ABSTRACT

This chapter considers the many representations surrounding vaccination using Rouquette’s concept of “social thought”, dovetailing three concepts: social representations, rumours, and conspiracy theories. The concept of social representation, developed to describe the appropriation of scientific concepts by common sense, has proved particularly valuable in this respect. The chapter considers the concepts of “anchoring” and “objectification” as applied to vaccination. A vaccine can often be viewed objectification of social relationships: what the syringe injects is not just a biological substance, but something symbolic (“indoctrination”, “submission” or, on the contrary, “responsibility”, “cooperation”, etc.). The authors highlight the many anchoring in which representations of a vaccines can take place (colonialism, war, finance, the opposition between technology and nature …) and emphasize the concept of “healthism”. The chapter then addresses vaccine rumours and conditions that facilitate their transmission.
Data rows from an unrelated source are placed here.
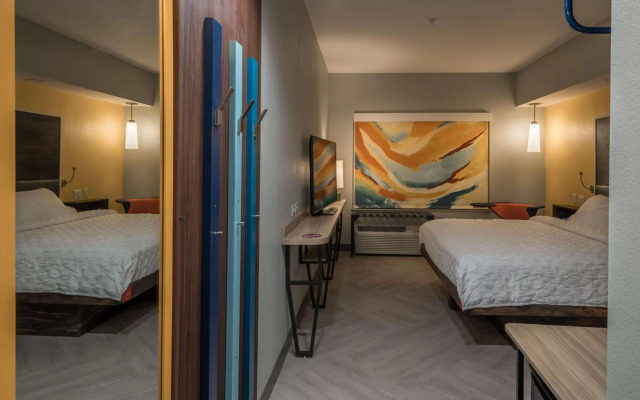 Tru by Hilton Garland Richardson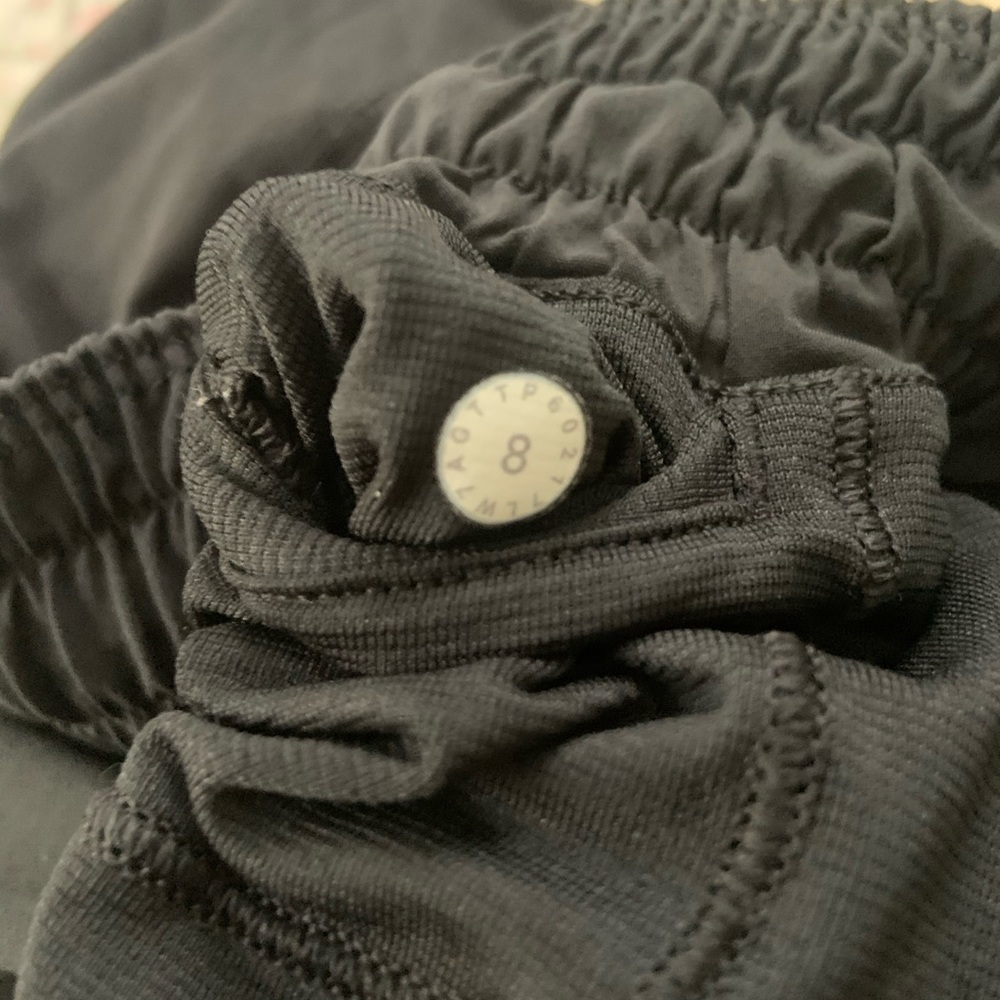 Lululemon hotty hot shorts 2.5” - Picture 3 of 5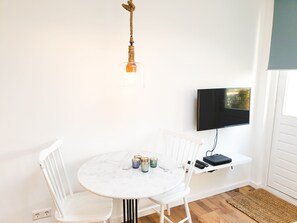 Dining - Rustige studio aan de duinen, vlakbij het centrum, met eigen parkeerplaats. (Zandvoort)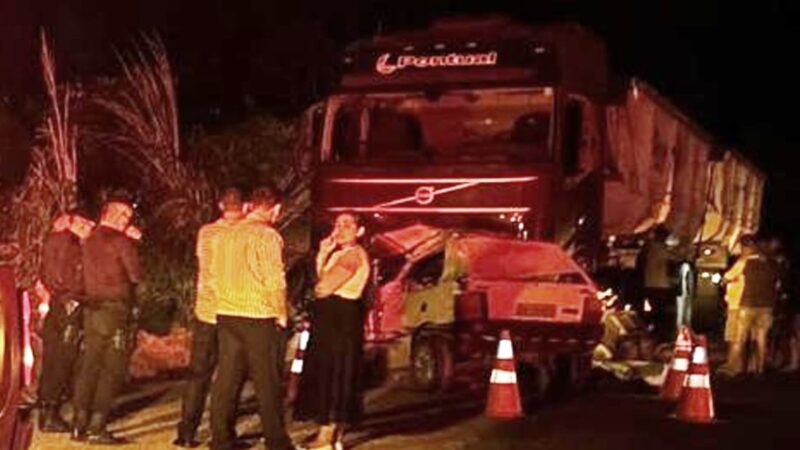 Casal e três filhos morrem em colisão entre carro e caminhão na MT-140, em Nova Brasilândia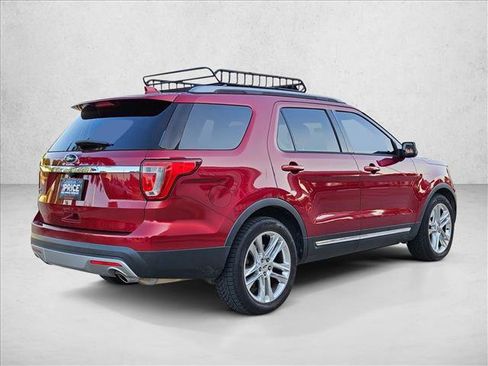 Used 2017 Ford Explorer XLT w/ Equipment Group 202A FWD image 5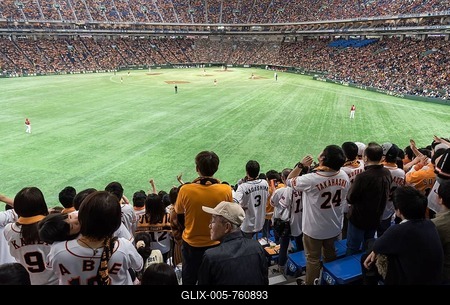 Supporters of Yomiuri Giants baseball team at Tokyo Dome stadium, Tokyo, Japan-stock-foto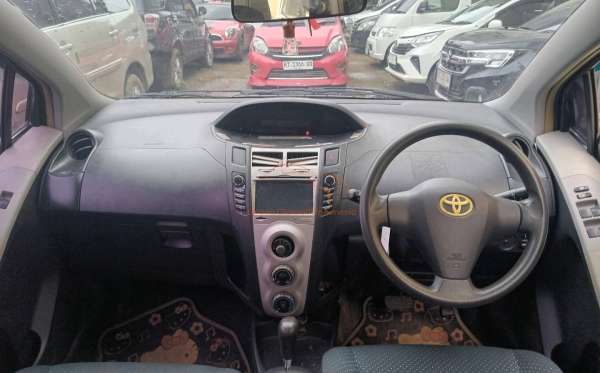 TOYOTA YARIS E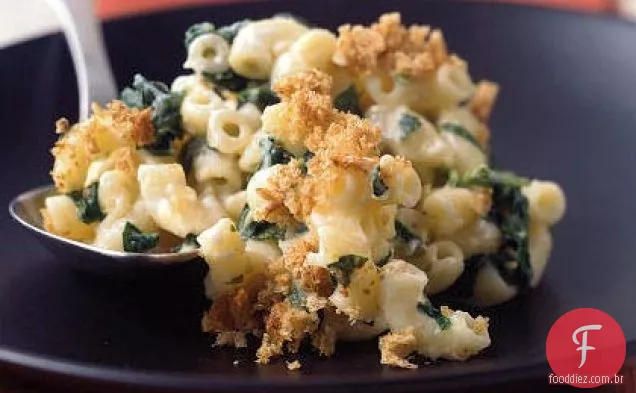 Macarrão e queijo Gouda defumado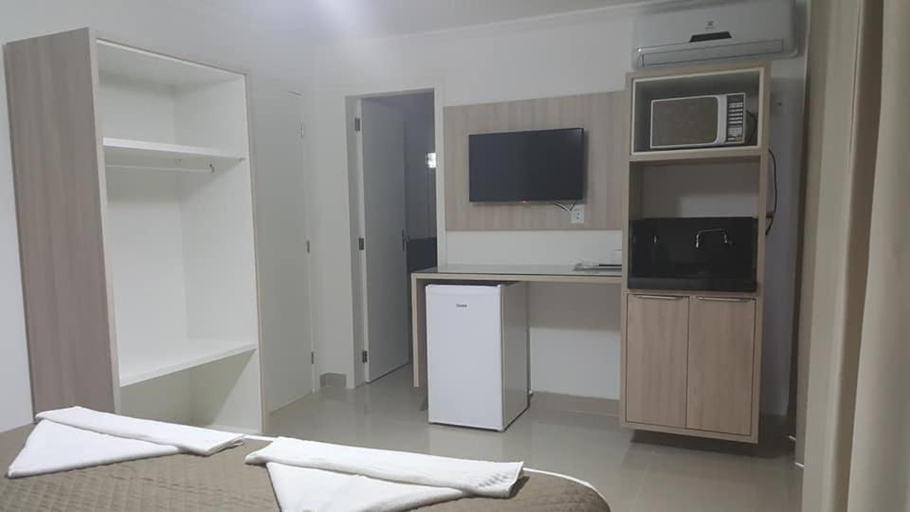 Bedroom 2, Pousada Rota do Sol Bombinhas Suites e Flats - cafe da manha servido de nov a pascoa, Bombinhas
The third part of the chapter considers the large body of work surrounding vaccine conspiracies: indeed, the topic of vaccine safety has been one of the most fertile grounds of conspiracist thinking. While conspiracy beliefs can promote anti-vaccination attitudes, it is also suggested that conspiracy beliefs can serve as a form of rationalization for refusing to vaccinate. In the last part of the chapter, the motivations (epistemic, existential and social) underlying adhesion to these three manifestations of social thought are considered.